───── DATA PROVIDED ─────

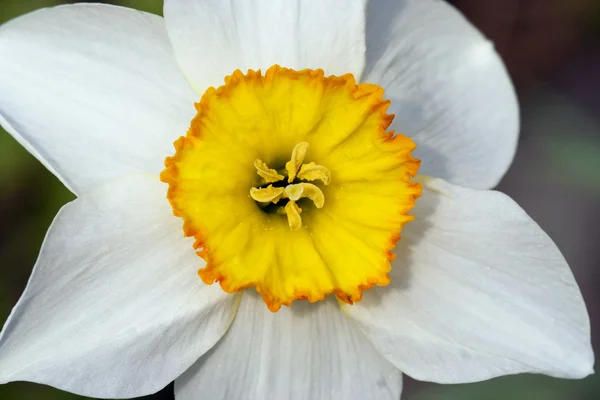 Bloom of narcissus — Stock Photo, Image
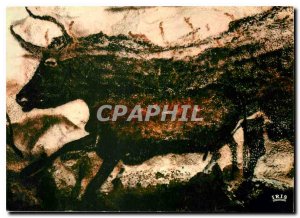 Modern Postcard Le Perigord Prehistoric Cave of Lascaux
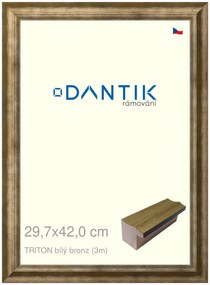 DANTIK rám na obraz 29,7x42 | TRITON bílý bronz (Plexi Čiré)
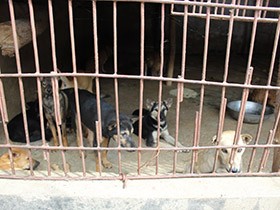 ベトナムの犬食に逆風　保護団体「盗まれた飼い犬が流通」と指摘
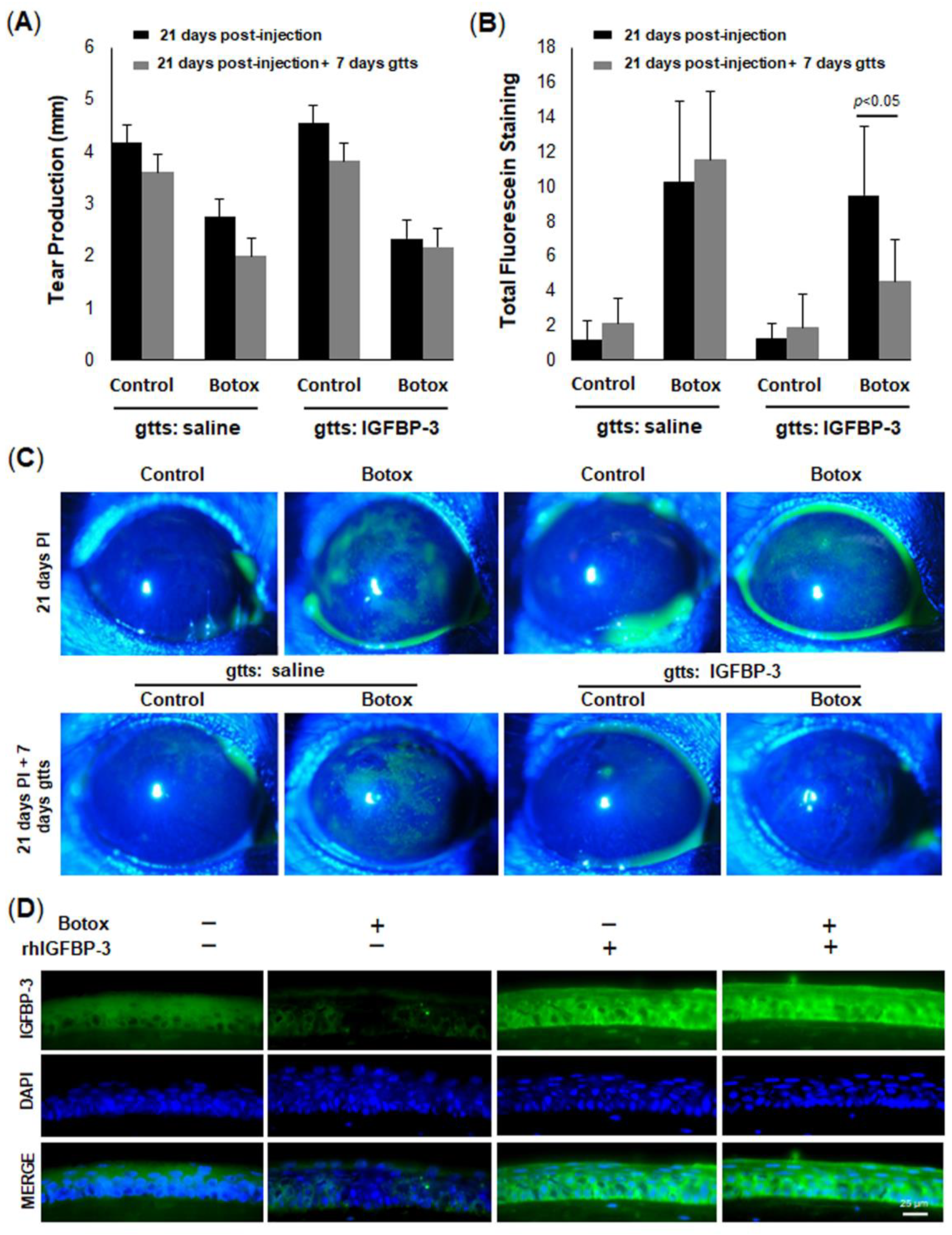 Ijms 23 04066 g008 Ijms 23 04066 g008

─────

## [ACTIVITY]
Pictures stay out; the data above is to be returned exactly.

## [SOLUTION]
 Bloom of narcissus — Stock Photo, Image
 Modern Postcard Le Perigord Prehistoric Cave of Lascaux
 DANTIK rám na obraz 29,7x42 | TRITON bílý bronz (Plexi Čiré)
 ベトナムの犬食に逆風　保護団体「盗まれた飼い犬が流通」と指摘
 Ijms 23 04066 g008 Ijms 23 04066 g008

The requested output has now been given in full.